------ Information supplied

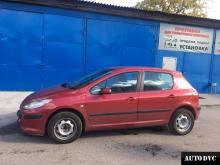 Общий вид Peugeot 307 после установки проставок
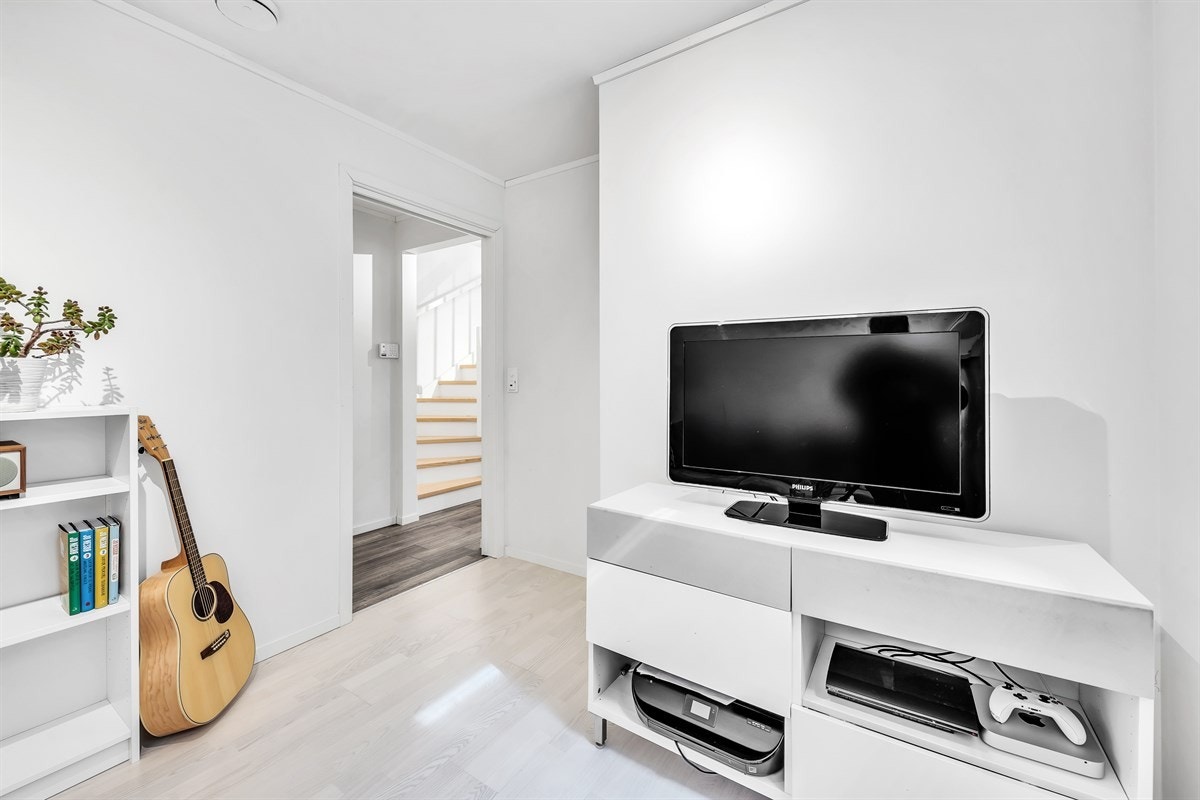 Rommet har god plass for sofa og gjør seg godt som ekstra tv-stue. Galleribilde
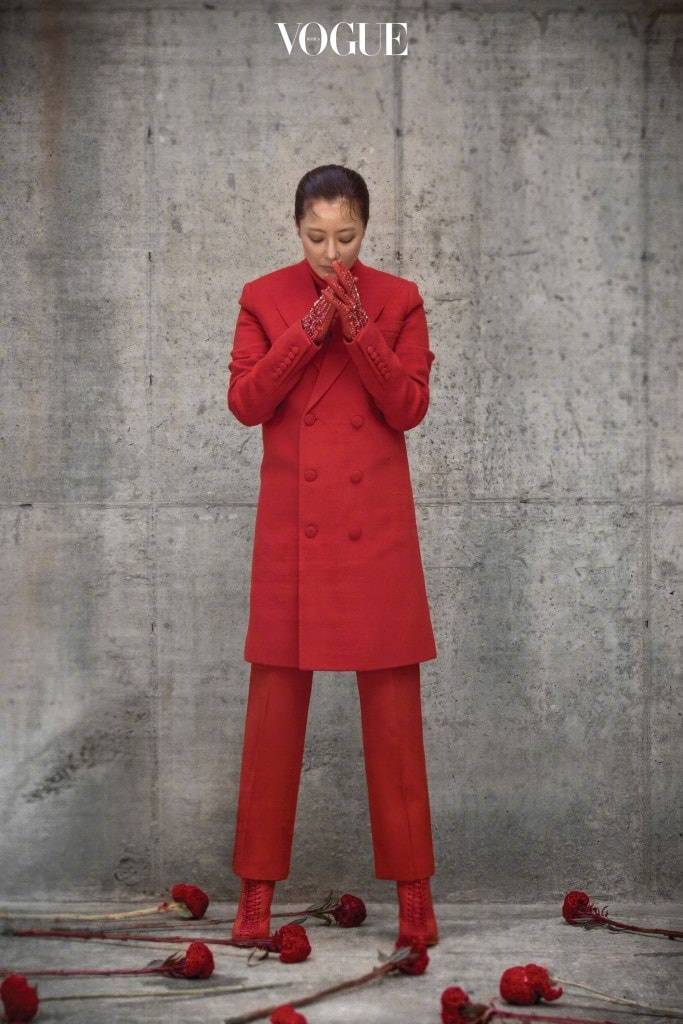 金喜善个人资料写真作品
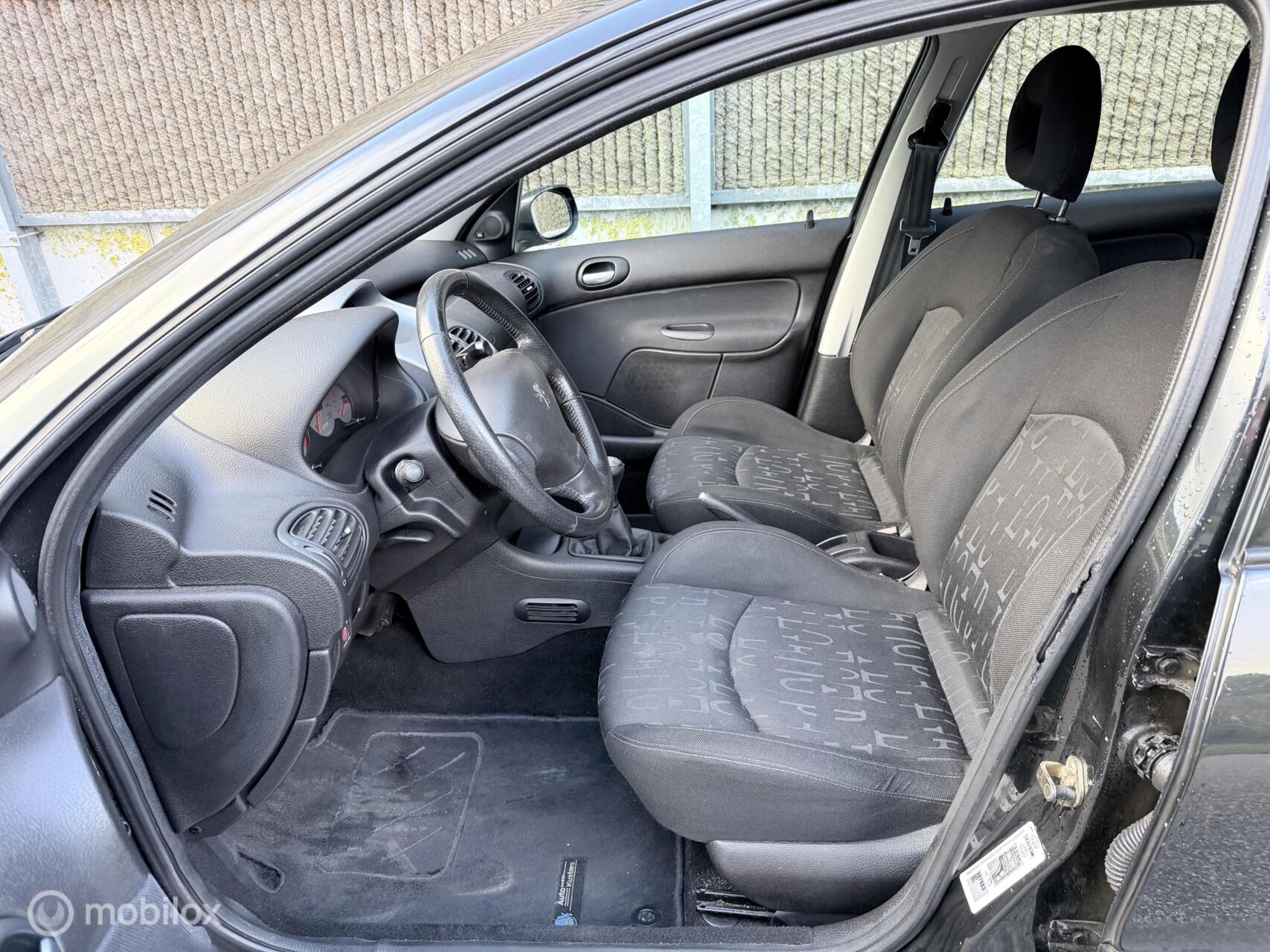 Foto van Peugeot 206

------------

**Problem**
For this exercise, return the material word for word and drop each image.

**Response below**
 Общий вид Peugeot 307 после установки проставок
 Rommet har god plass for sofa og gjør seg godt som ekstra tv-stue. Galleribilde
 金喜善个人资料写真作品
 Foto van Peugeot 206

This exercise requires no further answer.